La de Carmen Amaya fue una vida consagrada al arte. A los 12 años ya era conocida en escenarios locales; a los 15, cruzó el Atlántico rumbo a América. En la lista, Buenos Aires, Nueva York, Hollywood y tantos sitios más: el talento de aquella adolescente alocada no parecía conocer fronteras. Actuó ante presidentes y estrellas de cine, y aunque algunas crónicas resaltaban su fama escandalosa, la verdadera revolución estaba en su danza: Amaya rompió moldes, desafió normas y redefinió lo que significaba ser bailaora. Fue su paso por París el que consolidó su leyenda; allí, su energía cruda y elegante hizo temblar los escenarios, no solo con el taconeo, sino con el gesto. El tacatá en sus tacones y una mueca de desvergüenza en la cara.
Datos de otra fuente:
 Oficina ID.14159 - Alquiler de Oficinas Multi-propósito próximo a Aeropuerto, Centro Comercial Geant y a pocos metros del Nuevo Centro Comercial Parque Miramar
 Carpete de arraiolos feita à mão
Resulta evidente reconocer que Carmen Amaya no bailaba el flamenco que todavía se enseña en academias. Su arte fue instintivo y visceral, una suerte de diálogo entre cuerpo y música: bailó con pantalones cuando la tradición exigía falda, mezcló con desparpajo movimientos de hombres y mujeres, y creó un ritmo propio. Pocos trabajos parecen más estimulantes que seguir aquellos años el taconeo de Amaya con una guitarra. La suya fue una interpretación total: su cuerpo era instrumento, voz y hasta declaración. Cada zapateado no era solo un golpe en la madera sino, sobre todo, un manifiesto de identidad gitana. Digamos que sobre los escenarios hizo lo que le dio la gana.
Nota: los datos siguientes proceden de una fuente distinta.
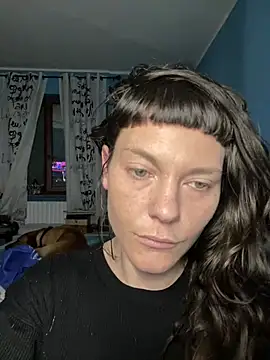 Snapshot of OniricFemme chatting on 1, 2, 2026 OniricFemme online show from 1, 2, 2026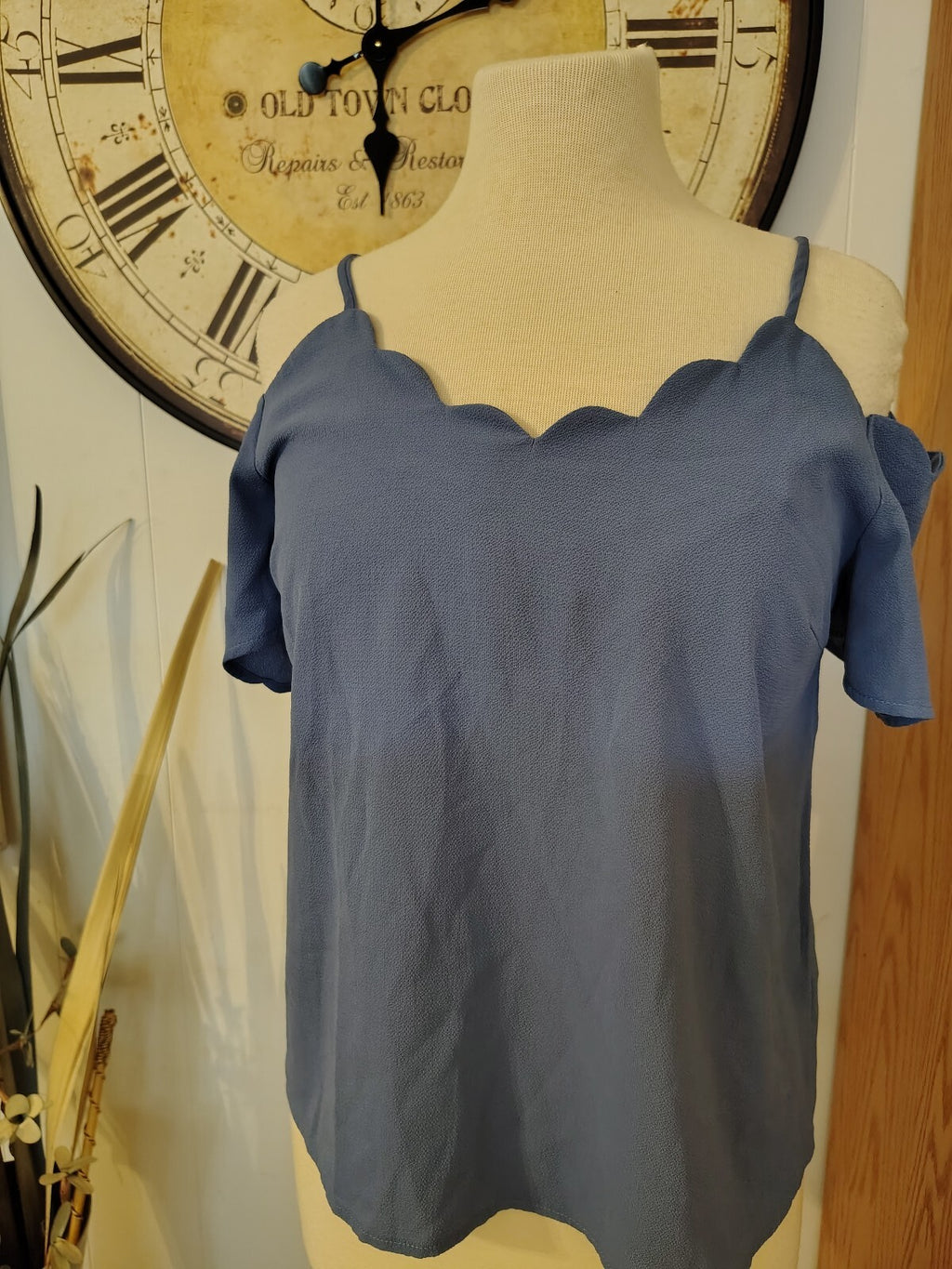 Monteau size Medium Blue Cold Shoulder Top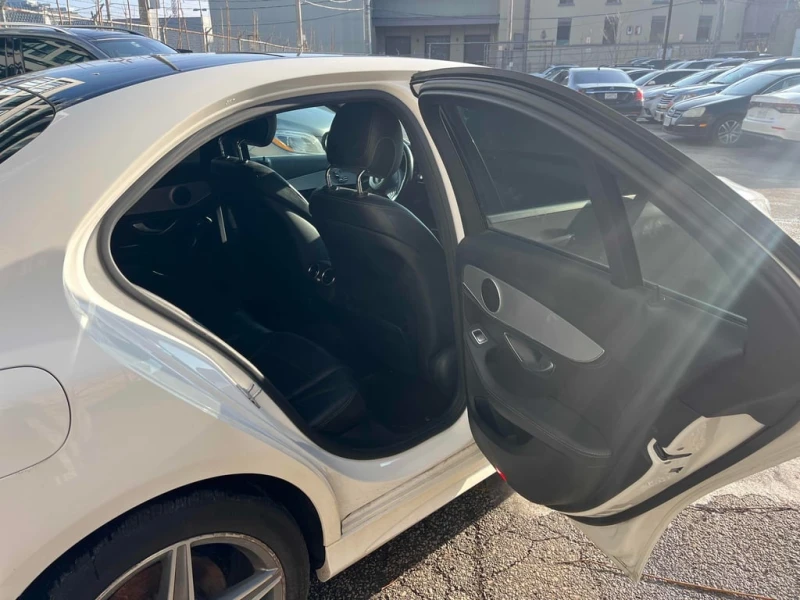 Mercedes-Benz C 300 * CARFAX * БЕЗ ПЪРВОНАЧАЛНА ВНОСКА, снимка 16 - Автомобили и джипове - 53062983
También fue así en su vida privada. Más allá de la pasión escénica, Carmen quiso ser mujer discreta, casi enigmática. Tras bambalinas, siempre pareció reservada y humilde, consciente de que la verdadera magia estaba en el escenario, no en los focos ni en los aplausos. Se rodeó toda su vida de músicos y bailarines de confianza, cultivando un respeto silencioso que contradecía la imagen de «fiera indomable» que a menudo quiso proyectar la prensa. Esa mezcla de intensidad y discreción la convirtió en un icono que trascendió generaciones: no solo por su técnica, sino por su capacidad de hacer del flamenco una experiencia total.
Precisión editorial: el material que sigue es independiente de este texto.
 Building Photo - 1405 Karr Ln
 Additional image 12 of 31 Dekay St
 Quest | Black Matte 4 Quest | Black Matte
El director de orquesta Leopold Stokowski, fascinado por su energía salvaje, llegó a decir de ella: «Tiene el diablo en el cuerpo». Charlie Chaplin, que la conoció en Hollywood durante una de sus giras triunfales por Estados Unidos, la describió con asombro: «Es un volcán alumbrado por soberbios resplandores de música española». Y Greta Garbo, a quien Amaya impresionó profundamente en los años cuarenta, resumió su sentir con una frase certera: «Es una artista, y si parece poco, una artista única, porque es inimitable». Ninguno de los elogios le bastaron, sin embargo, para enderezar sus últimos años. No en vano, décadas más tarde el periodista César de la Lama recordaría en las páginas del ABC: «Carmen murió arruinada, sin cinco céntimos, con deudas, pero con un corazón tan grande como ese monte».
Protagonista de un arte con nombre de mujer, Carmen Amaya encarnó la idea de que la danza no es solo destreza, sino verdad interior. Sus pasos —tacatá— resonaron a alegría y dolor, pobreza y talento, humildad y grandeza. Fue sobre el escenario todo lo que quiso, y por eso supo cambiar para siempre la manera de bailar flamenco, abriendo caminos para las mujeres en la danza. Más que una bailaora, Amaya fue un fenómeno cultural que convirtió el compás gitano de su Somorrostro natal en lenguaje universal.